Pundits may fall into the trap of talking about elections as if it’s the candidates who matter, but the way our brain works only our own feelings count. Social science studies show that our choices are generally the result of automatic processes over which our conscious brain has little control and little awareness, if any.  (You can tell if your reaction is automatic simply by determining how quickly you reach a conclusion.  If your response is whip fast it’s an automatic reaction.) Because we’re complicated we may have multiple automatic reactions.  These have to be sorted out by the conscious brain.  But all involve the emotions.  Our brain ultimately makes the decision which is the most emotionally satisfying.  Once we make a decision our brain rewards us for our decisiveness by convincing us that we have made the right decision. 

Which brings me back to Donald Trump.
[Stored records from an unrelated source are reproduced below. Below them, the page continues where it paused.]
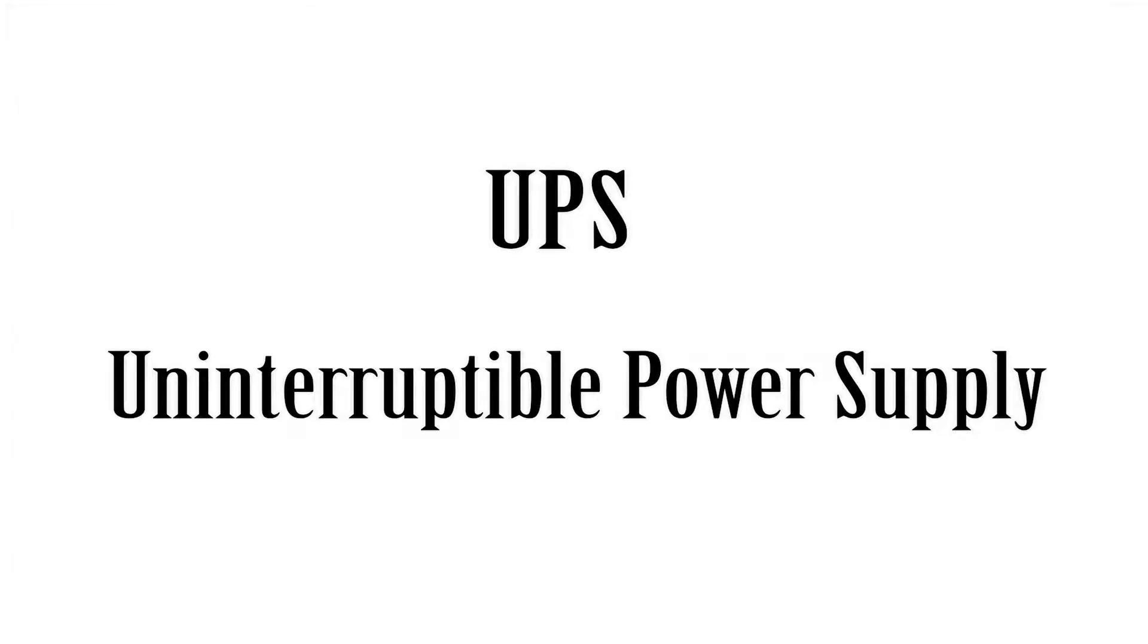How's it going everyone and welcome to another video. Today we're talking about UPSs, in other words, uninterruptible power supplies.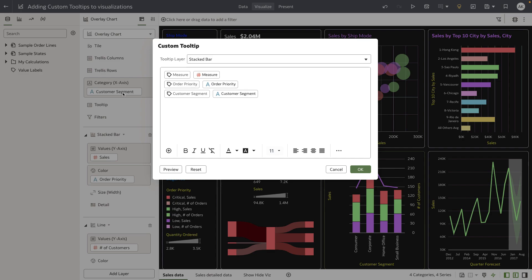For example, on the category axis, we have customer segment. The first token provides the column name on the category axis, and the second token reflects the actual value of the customer segment when hovering over a mark in the visualization. The same kind of token pair is provided for all columns in the visualization.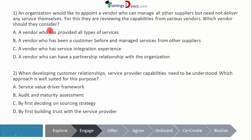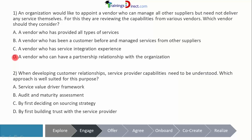A vendor who has provided all types of services — this is ruled out because this vendor need not deliver any service. A vendor who has been a customer before and managed services from other suppliers could be possible if they have managed other suppliers. A vendor with service integration experience seems more relevant — they can integrate the other vendors on behalf of this organization. A vendor who can have a partnership relationship with the organization is just one type of relationship and doesn't address the integration aspect.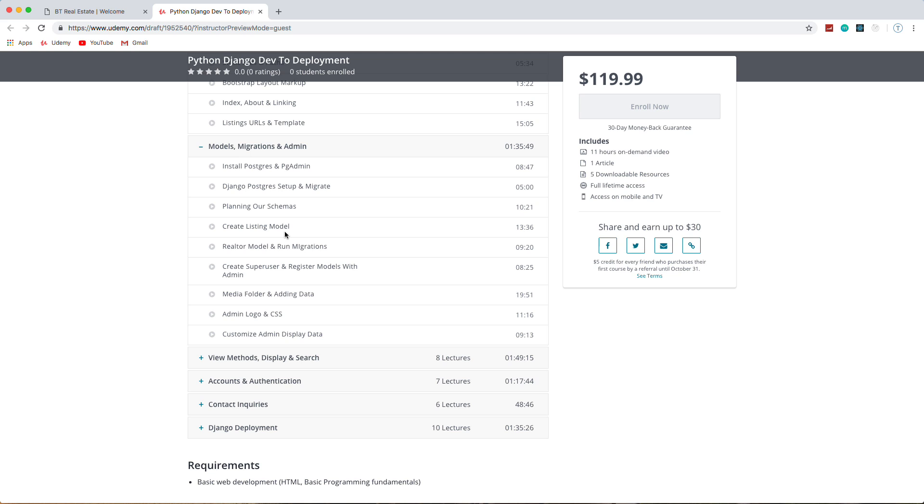We're going to create our models for the Realtors and listings. We're also going to create a relationship between the Realtors table or model and the listing model. We'll run our migrations and then we're going to deal with the admin area.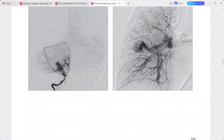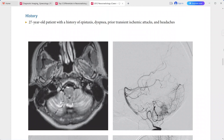There is an abnormal tangle of vessels with an early phase draining vein. The pulmonary arteriogram shows abnormally dilated vessels and early filling of enlarged venous channels, consistent with a pulmonary arteriovenous malformation (AVM).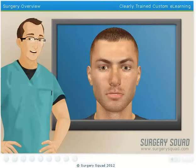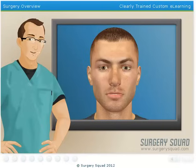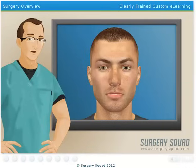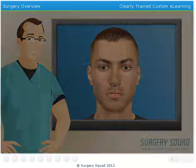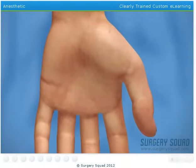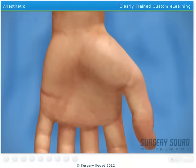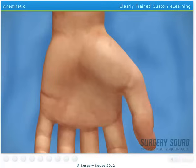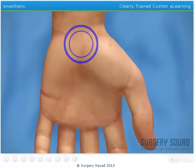Today we'll be operating on a patient who has been diagnosed with carpal tunnel syndrome after experiencing numbness and weakness in the palm of his hand and thumb. Now let's put on our gloves and get started. The limited open carpal tunnel release surgery is performed using a local anesthetic that numbs the carpal tunnel area of the hand and wrist.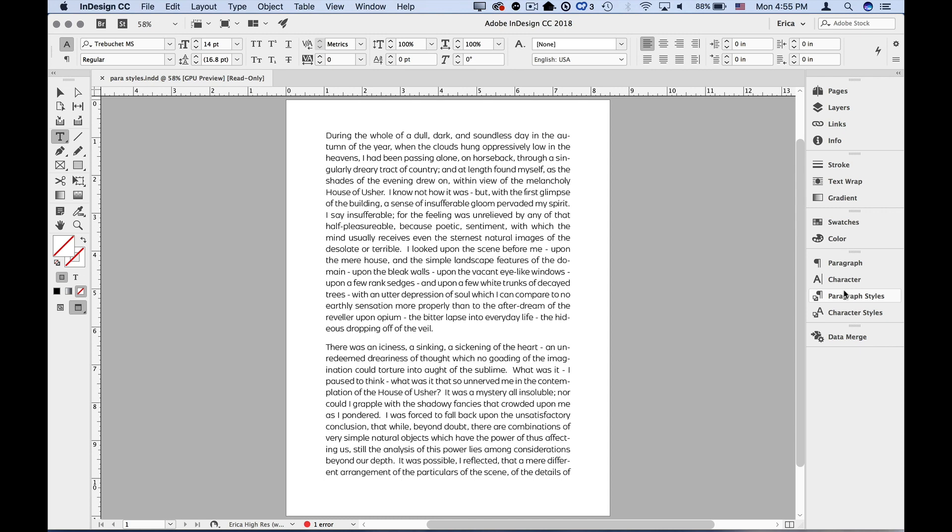I usually create a text frame, fill it with some placeholder text, then just start styling. If I'm building a document that will have a defined hierarchy, like a newsletter with body text, headline text, captions, etc., I usually start with the body text. Be sure to start with the text that sort of sets the tone for your document, because you'll probably want to base other styles on this first style eventually.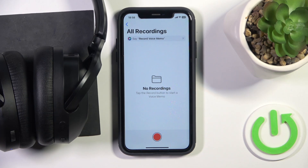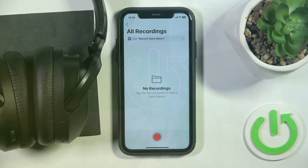Hello everybody and welcome. In this video I will show you how to mute and unmute microphone on the headphones Creative Zen Pro.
How he makes his voters feel is not in question.  Like nobody else in this year’s election he has validated the feelings of voters who for years have felt neglected, put upon, and vulnerable.  The mainstream media may think of them as dumb – let’s be real, this is how they’re regarded by elites – in his presence they feel smart.  Here, after all, is a billionaire businessman running for president who continually validates their suspicion of immigrants and fear of terrorists.  Elites have made them feel badly for feeling what they’ve been feeling.  Trump makes them feel good. 

This is Trump’s genius.  He’s making people scorned as dumb feel smart.  This is the big irony of the 2016 election. Who'd have thought that Trump, who plasters his name on everything he builds, would be the one candidate most sensitive to how others feel? 

Say what you will about Trump he's figured out that politics isn’t about the candidate, it’s about the voters.  This is something long-time politicians like Hillary Clinton should have learned long ago, but often have trouble remembering after spending years as the center of attention.  The result?  Even at this stage in the campaign cycle, on the eve of voting, it's not clear what her voters are supposed to be feeling when they pull the lever for her.  Is it fear?  hope?  what exactly?  The answer to that question is unknown and that it is suggests she still hasn't made a convincing case for her election. She should learn from Trump, who, no matter what happens in Iowa, has proven he knows how to appeal to voters, whether he can get them out to vote for him or not. 

I am not recommending that Hillary or other candidates mimic his demagoguery.  Trump's appeals to fear are not good for democracy.  But there are many ways to reach people on an emotional level without providing cues that trigger fear responses. Sanders has figured this out.  Hillary needs to.